*** Opening DATASET EXCERPTS ***

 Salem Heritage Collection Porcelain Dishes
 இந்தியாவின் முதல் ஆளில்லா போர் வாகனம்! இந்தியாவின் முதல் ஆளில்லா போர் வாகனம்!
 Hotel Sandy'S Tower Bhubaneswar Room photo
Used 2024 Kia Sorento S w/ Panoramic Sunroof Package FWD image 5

*** Closing DATASET EXCERPTS ***
*** Opening DATASET EXCERPTS ***

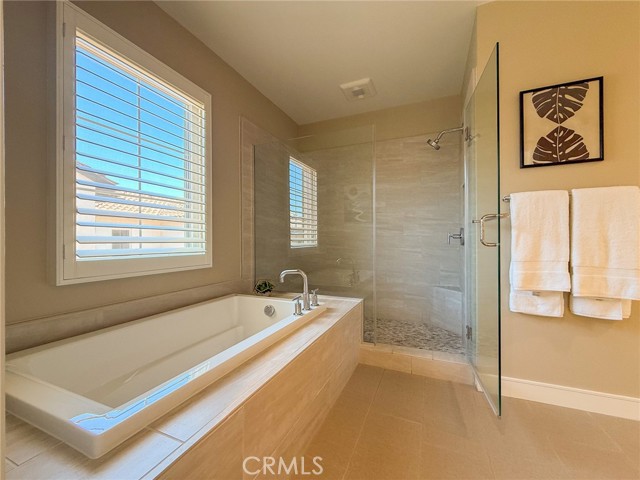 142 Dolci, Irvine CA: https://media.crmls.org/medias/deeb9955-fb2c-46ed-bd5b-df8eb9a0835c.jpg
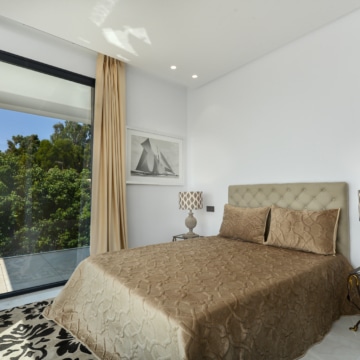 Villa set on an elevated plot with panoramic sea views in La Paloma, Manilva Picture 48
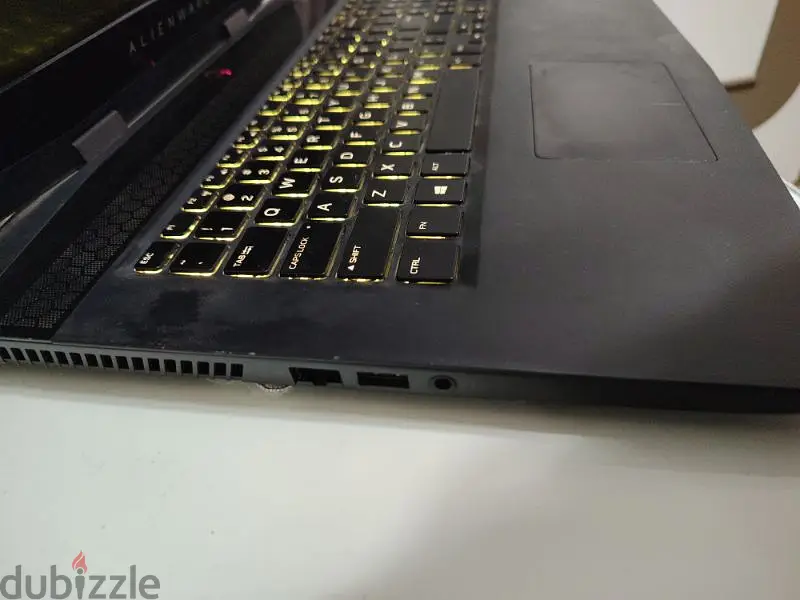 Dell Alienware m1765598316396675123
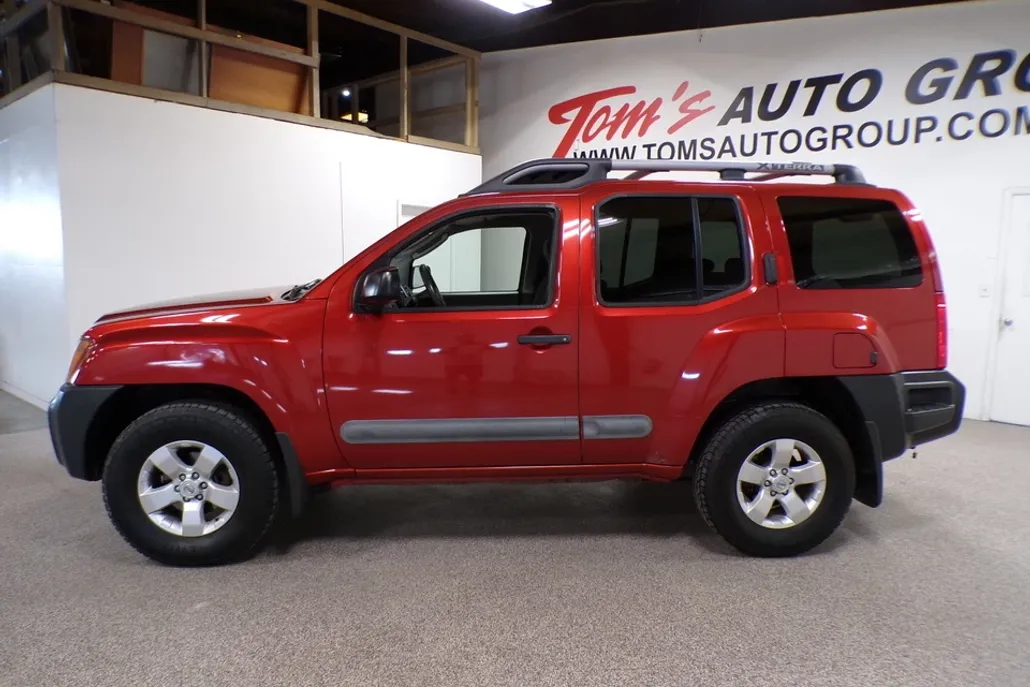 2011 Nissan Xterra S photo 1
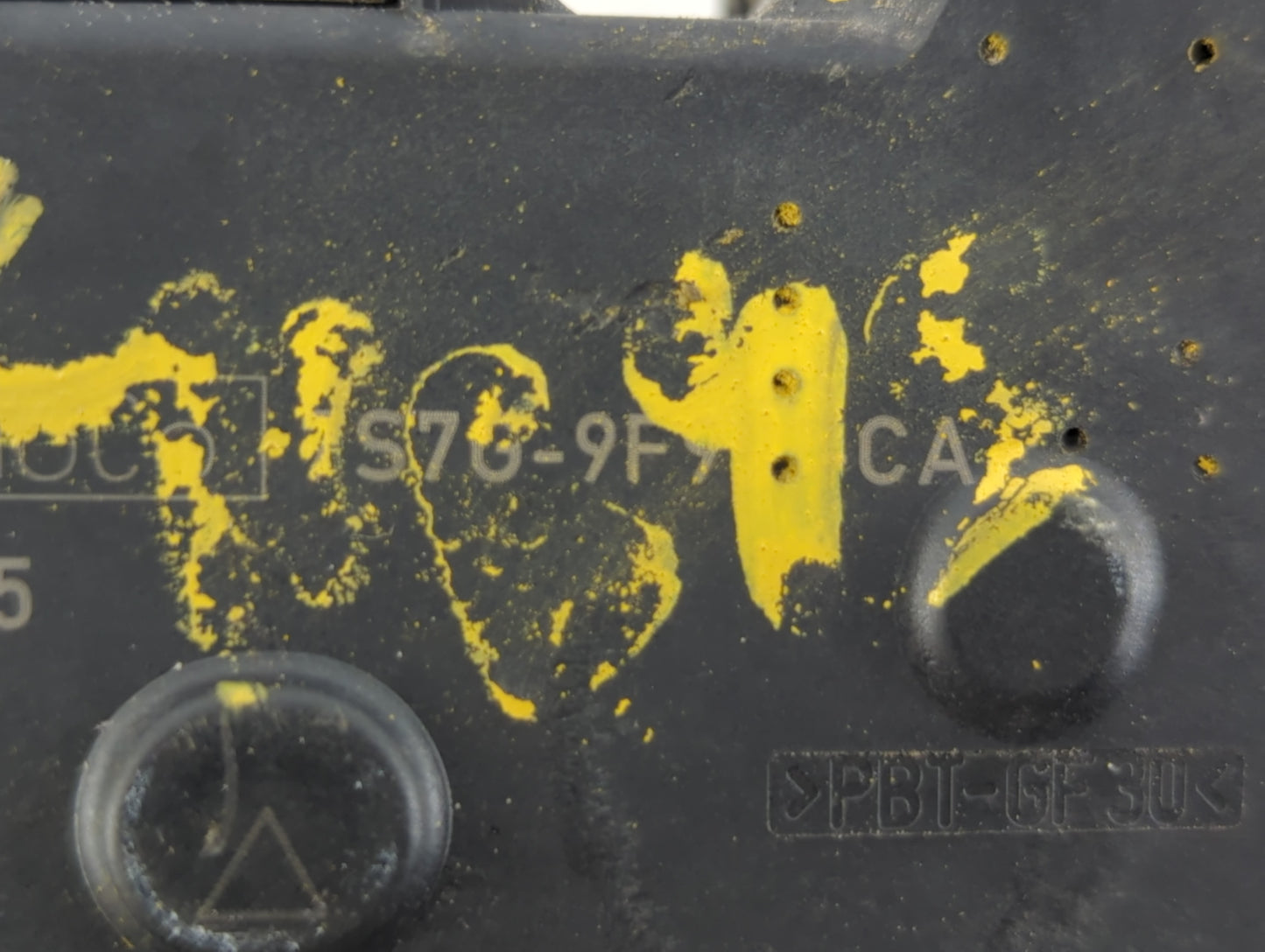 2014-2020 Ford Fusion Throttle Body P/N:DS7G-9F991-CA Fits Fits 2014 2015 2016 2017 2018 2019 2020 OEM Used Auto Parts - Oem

*** Closing DATASET EXCERPTS ***

After locating the line holding "Salem Heritage Collection Porcelain Dishes" above, output exactly that line and every line after it through the line holding "Used 2024 Kia". Include nothing else.

**TASK OUTPUT:**
 Salem Heritage Collection Porcelain Dishes
 இந்தியாவின் முதல் ஆளில்லா போர் வாகனம்! இந்தியாவின் முதல் ஆளில்லா போர் வாகனம்!
 Hotel Sandy'S Tower Bhubaneswar Room photo
Used 2024 Kia Sorento S w/ Panoramic Sunroof Package FWD image 5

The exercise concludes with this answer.